Storia padana
«Lumbard tas» e «Basta! Con le rapine del fisco» credo siano del 1985. Passavo in pullman per viale Aguggiari e c’era tutta la strada tappezzata di questi strani manifesti.
Erano sgraziati, scritti con grafia elementare e colori vistosi, firmati Lega lombarda. «El tricolor che vorom minga!», con la gallina padana che cova le uova d’oro facendole planare su «Roma ladrona» dev’essere del millenovecentottantotto. Lo ricordo perché ero al primo anno di ginnasio e mio padre ci lasciava a due passi da scuola, davanti alla chiesa della Brunella, dove c’erano tre file di piccoli murales padani.

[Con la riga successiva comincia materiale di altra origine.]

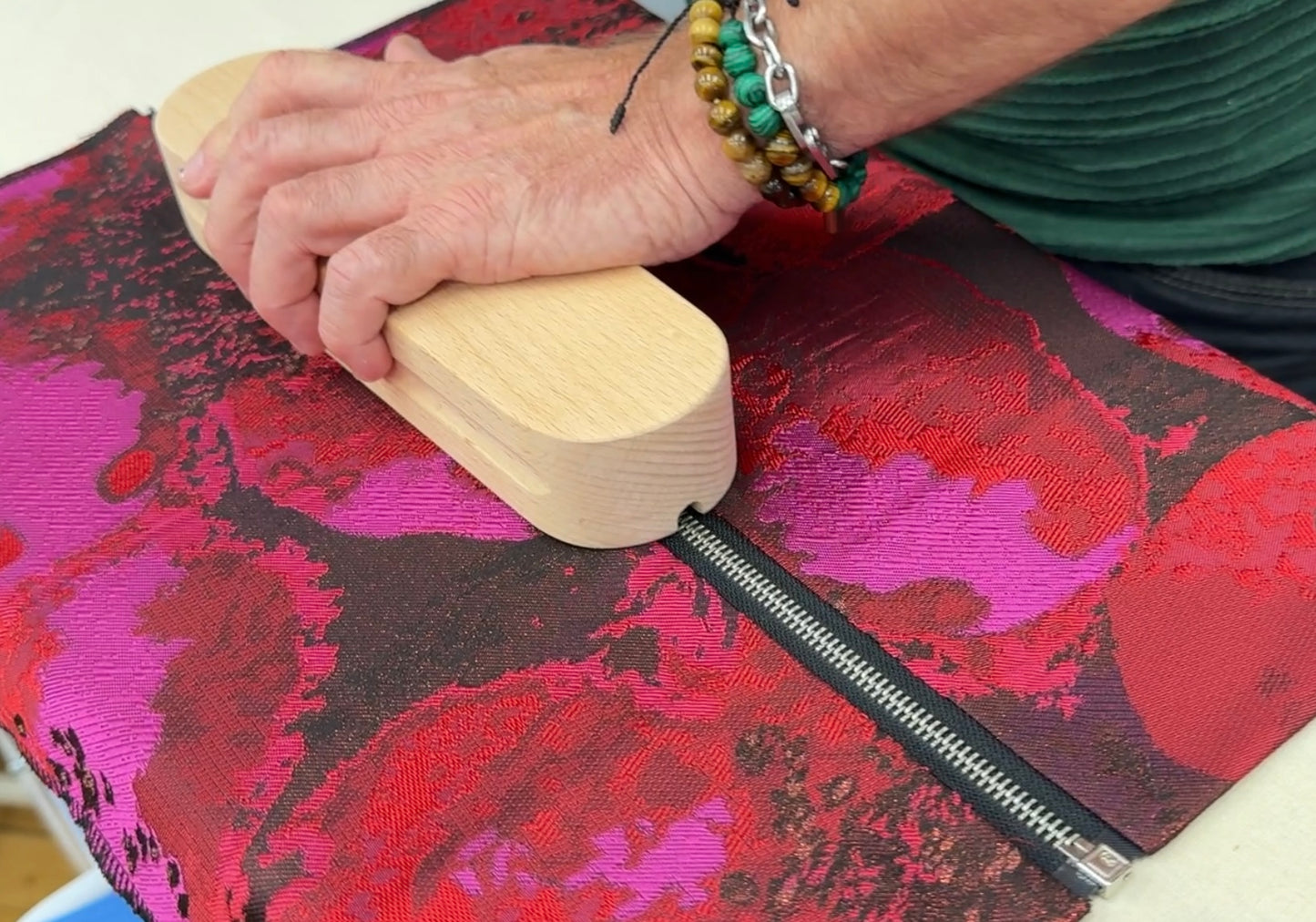El Clapper Madera de Sastre para Planchar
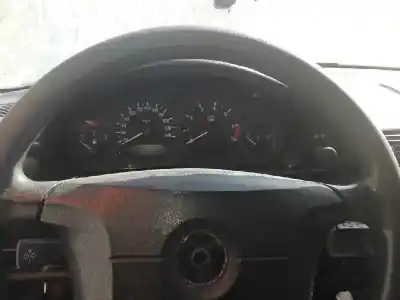 Vehicul casat bmw serie 3 compacto (e36) 316i al anului 1998 alimentat 16 4e 2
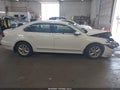 2017 Volkswagen Passat — photo 14 of 17 | VIN 1VWAT7A37HC086251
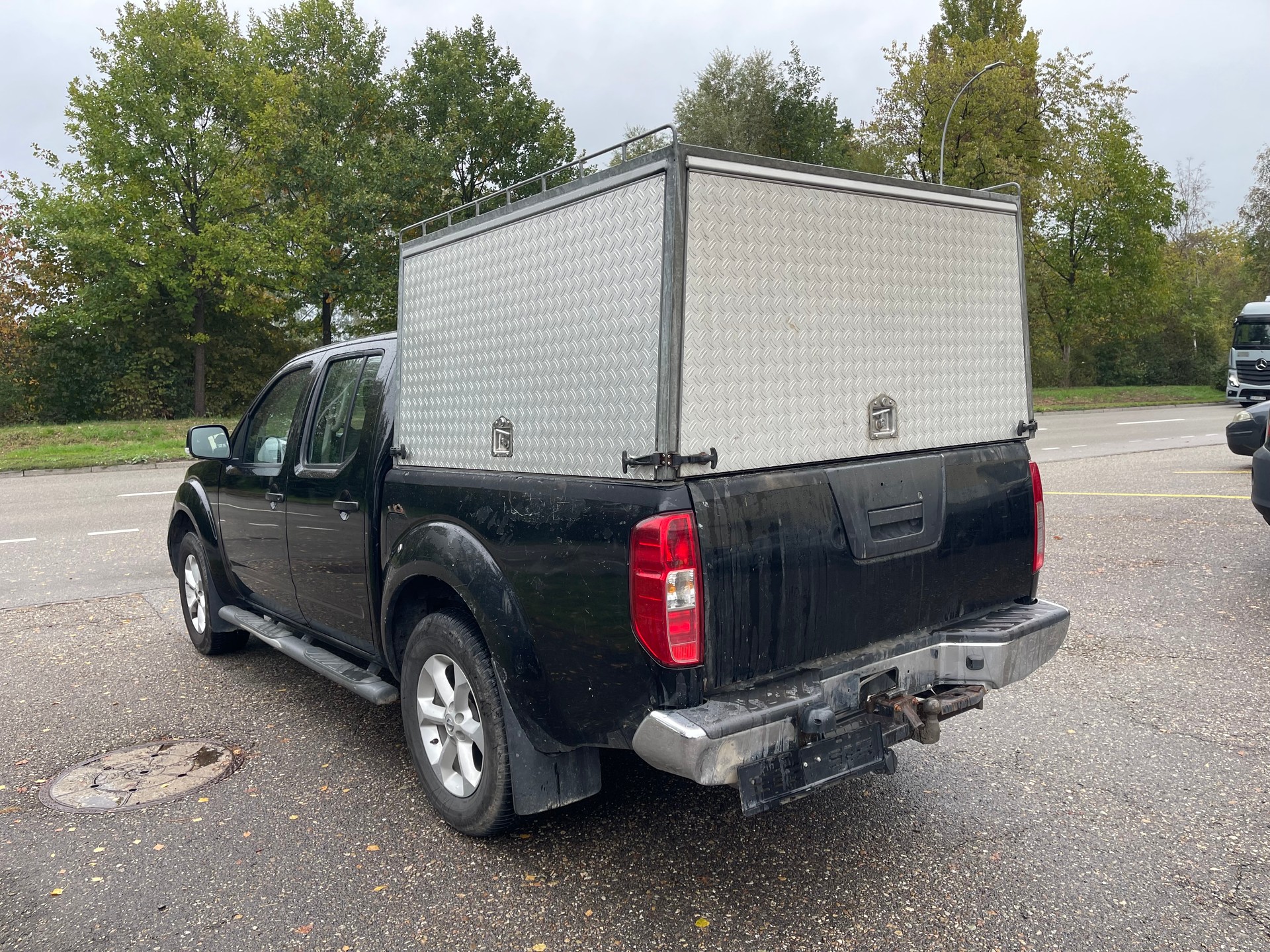NISSAN Navara Double Cab Platinum EVO 2.5 dCi 4WD-image-2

Per chi è cresciuto a Varese negli anni dell’incubazione leghista fa sorridere l’idea che quella del Carroccio possa archiviarsi come una storia da romanzone criminale tout court , Trote & Belsiti, polenta & ‘ndrangheta. Chi liquida l’avventura di Bossi and Co. ad affare di fondi neri e tribunali significa che non è mai stato a Varese. Non conosce l’odore della campagna urbanizzata del Nord, la religione della famiglia-impresa così diffusa da queste parti.